- Court: United States Court of Appeals for the District of Columbia Circuit
- Full case name: Brian Wrenn, etc al., APPELLANTS v. District of Columbia, etc al., APPELLEES
- Argued: September 30, 2016
- Decided: July 25, 2017

Case history
- Appealed from: United States District Court for the District of Columbia

Questions presented
- The individual right to carry common firearms beyond the home for self-defense falls within the core of the Second Amendment’s protections. The District of Columbia's requirement that applicants for concealed carry permits demonstrate a "good reason" infringes an individual's right to bear arms as protected by the Second Amendment.

Court membership
- Judges sitting: Karen L. Henderson, Thomas B. Griffith, Stephen F. Williams

Case opinions
- Majority: Griffith, joined by Williams
- Dissent: Henderson

Laws applied
- The Second Amendment

= Wrenn v. District of Columbia =

District

Wrenn v.
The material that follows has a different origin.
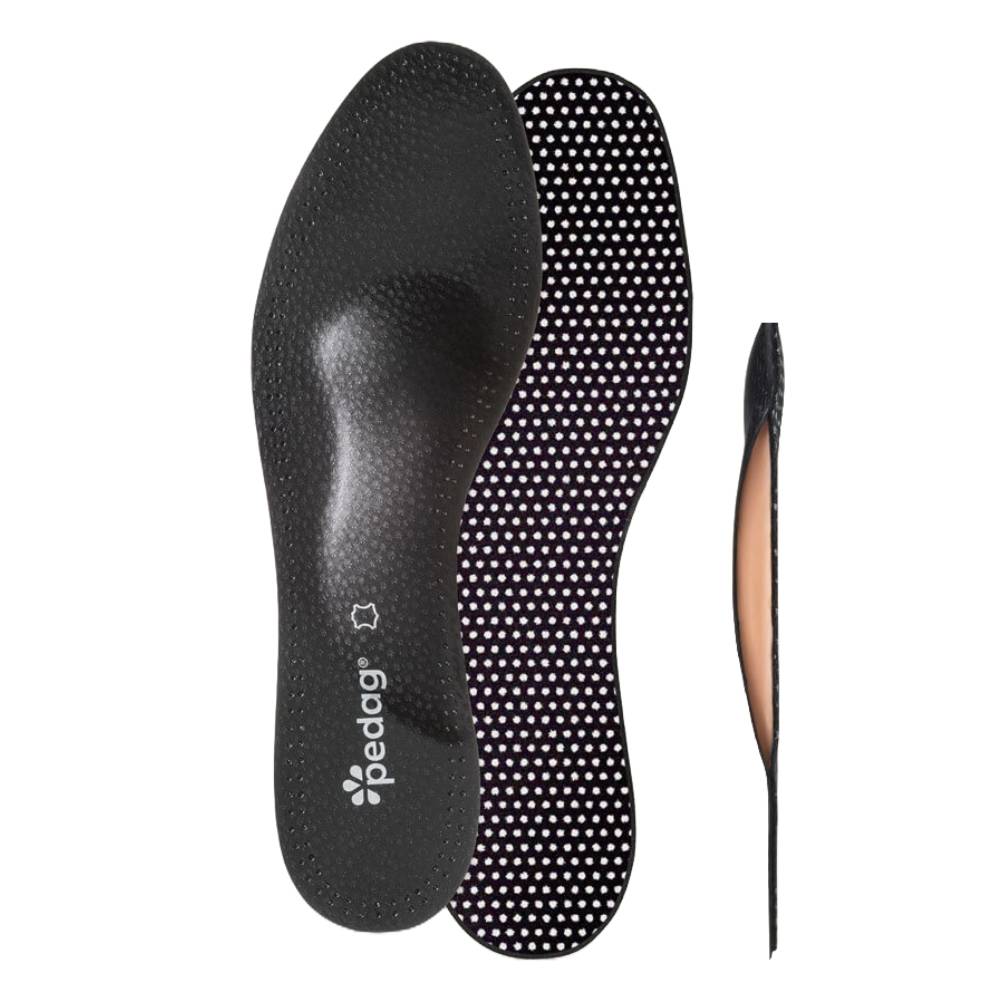 Produktbild 3 - Pedag Siesta Kolfiltersula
District of Columbia, 864 F.3d 650 (D.C. Cir. 2017), is a United States court case in which the United States Court of Appeals for the District of Columbia Circuit held that the "individual right to carry common firearms beyond the home for self defense—even in densely populated areas, even for those lacking special self-defense needs—falls within the core of the Second Amendment’s protections."

This decision struck down the District of Columbia's requirement that applicants for concealed carry permits demonstrate a "good reason," including a "special need for self-protection distinguishable from the general community as supported by evidence of specific threats or previous attacks that demonstrate a special danger to the applicant's life," for carrying a firearm in public.